From: Cydrome Leader on
Andrew Gabriel <andrew(a)cucumber.demon.co.uk> wrote:
> In article <hv1200$hda$5(a)reader1.panix.com>,
> Cydrome Leader <presence(a)MUNGEpanix.com> writes:
>> Andrew Gabriel <andrew(a)cucumber.demon.co.uk> wrote:
>>> In article <huru7f$ing$1(a)reader1.panix.com>,
>>> Cydrome Leader <presence(a)MUNGEpanix.com> writes:
>>>>
>>>> I've seen xeon processors (really cores) fail in solaris before and in
>>>> real life there's nothing wrong at all with the CPU. For intel hardware
>>>> just rebooting seems to be the fix. I suspect it's some sort of software
>>>> issue.
>>>
>>> Blimy. We go to extra ordinary effort to retrieve and decode all the Intel
>>> chip telemetry (which Intel tell me no other OS has managed to do to
>>> anywhere near the same degree) to ensure you don't get any data corruption
>>> when parts of chips/busses/memory/etc detect error situations, as you'd
>>> expect from an Enterprise grade OS. Then when it happens, someone says
>>>
>>> "I suspect it's some sort of software issue."
>>>
>>> ;-)
>>
>> You work for sun?
>
> Yes, well Oracle now, although I don't speak for them.
>
>> While I agree a machine with a nonrecoverable fault should just crash, I
>> will point out that writing software to just crash a machine over and over
>> again without any meaninful error output is in fact a sofware issue as
>> well.
>
> I agree. The fact that Solaris managed to record the necessary chip
> failure telemetry after a hardware failure which hit the system hard
> enough for it to be unable to dump and unable to recover even after
> a reset is quite remarkable.
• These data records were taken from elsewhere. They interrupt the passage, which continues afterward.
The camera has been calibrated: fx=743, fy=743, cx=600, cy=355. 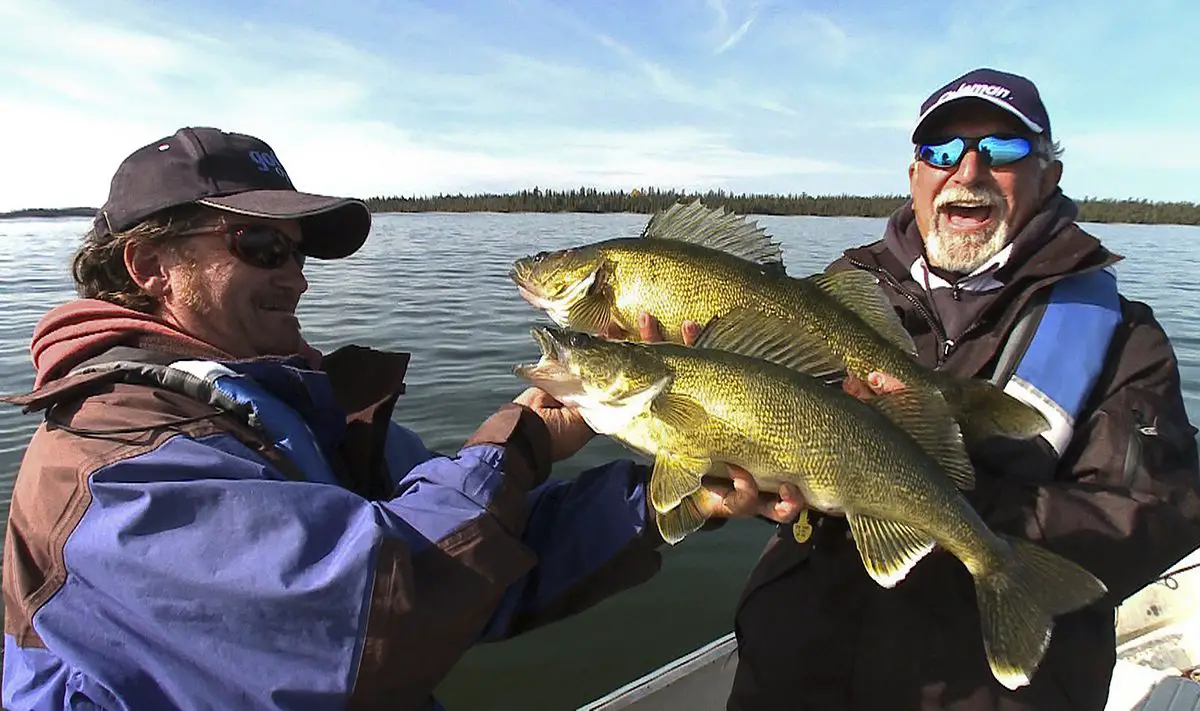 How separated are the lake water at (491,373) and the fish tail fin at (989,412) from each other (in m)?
3.30

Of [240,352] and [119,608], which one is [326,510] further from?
[240,352]

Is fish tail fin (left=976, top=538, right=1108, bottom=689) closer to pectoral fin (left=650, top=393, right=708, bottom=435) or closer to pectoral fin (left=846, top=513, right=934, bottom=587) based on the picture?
pectoral fin (left=846, top=513, right=934, bottom=587)

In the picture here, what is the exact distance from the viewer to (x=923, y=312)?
9.84 feet

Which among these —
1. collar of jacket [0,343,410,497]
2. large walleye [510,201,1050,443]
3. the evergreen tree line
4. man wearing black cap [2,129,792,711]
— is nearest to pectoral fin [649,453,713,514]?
man wearing black cap [2,129,792,711]

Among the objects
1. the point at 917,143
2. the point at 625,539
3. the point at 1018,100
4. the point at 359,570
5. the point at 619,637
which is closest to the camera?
the point at 359,570

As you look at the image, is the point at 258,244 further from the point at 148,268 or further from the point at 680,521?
the point at 680,521

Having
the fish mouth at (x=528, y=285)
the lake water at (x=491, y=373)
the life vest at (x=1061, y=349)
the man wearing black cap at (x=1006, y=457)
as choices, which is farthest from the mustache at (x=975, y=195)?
the lake water at (x=491, y=373)

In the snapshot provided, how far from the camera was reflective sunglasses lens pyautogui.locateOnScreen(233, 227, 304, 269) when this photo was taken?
8.55 ft

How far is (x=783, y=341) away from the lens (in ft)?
7.70

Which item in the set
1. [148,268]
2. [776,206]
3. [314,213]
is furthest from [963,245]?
[776,206]

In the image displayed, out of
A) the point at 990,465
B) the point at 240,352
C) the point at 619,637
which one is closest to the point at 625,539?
the point at 990,465

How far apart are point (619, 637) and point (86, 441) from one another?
449cm

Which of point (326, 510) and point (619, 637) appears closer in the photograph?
point (326, 510)

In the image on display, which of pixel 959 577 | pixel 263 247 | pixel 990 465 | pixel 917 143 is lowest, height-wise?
pixel 959 577
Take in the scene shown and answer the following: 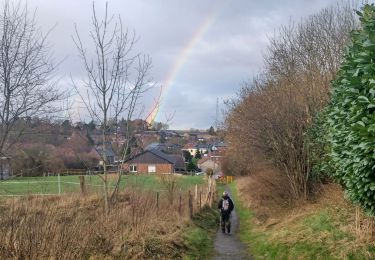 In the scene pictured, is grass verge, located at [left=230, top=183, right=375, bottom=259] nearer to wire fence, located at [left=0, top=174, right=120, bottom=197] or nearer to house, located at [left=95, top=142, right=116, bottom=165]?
house, located at [left=95, top=142, right=116, bottom=165]

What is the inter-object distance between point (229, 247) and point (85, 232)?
7270 mm

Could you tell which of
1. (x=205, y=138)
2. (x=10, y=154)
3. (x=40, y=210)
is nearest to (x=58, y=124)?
(x=10, y=154)

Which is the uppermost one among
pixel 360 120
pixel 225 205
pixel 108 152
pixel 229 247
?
pixel 360 120

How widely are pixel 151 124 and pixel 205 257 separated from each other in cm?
426

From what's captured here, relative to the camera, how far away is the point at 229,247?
15.7 m

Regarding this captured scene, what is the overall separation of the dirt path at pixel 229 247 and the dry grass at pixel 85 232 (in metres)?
1.37

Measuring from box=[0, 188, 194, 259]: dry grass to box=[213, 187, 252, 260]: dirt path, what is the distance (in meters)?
1.37

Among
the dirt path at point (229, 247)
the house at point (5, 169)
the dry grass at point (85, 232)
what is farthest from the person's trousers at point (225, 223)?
the house at point (5, 169)

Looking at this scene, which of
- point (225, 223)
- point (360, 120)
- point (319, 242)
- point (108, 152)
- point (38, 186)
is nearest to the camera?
point (360, 120)

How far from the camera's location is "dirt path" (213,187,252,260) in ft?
44.3

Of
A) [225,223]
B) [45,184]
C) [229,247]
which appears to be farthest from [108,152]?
[225,223]

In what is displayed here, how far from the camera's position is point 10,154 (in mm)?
9820

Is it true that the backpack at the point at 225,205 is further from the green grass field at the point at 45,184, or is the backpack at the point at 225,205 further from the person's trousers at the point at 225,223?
the green grass field at the point at 45,184

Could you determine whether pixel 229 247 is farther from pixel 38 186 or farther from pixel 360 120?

I don't think [m]any other OS's would

is "necessary chip failure telemetry" data that can only be decoded by
hitting a tech group on usenet and finding a sun employee?

Still, it's some PC platform in this case so I don't really expect awesome
diagnotics or failure recovery.

I still like the older RS/6000s that would log there was a power supply
fault and commit it to disk if you just pulled the plugs on the server.

that's impressive, and new stuff from sun still can't pull that off.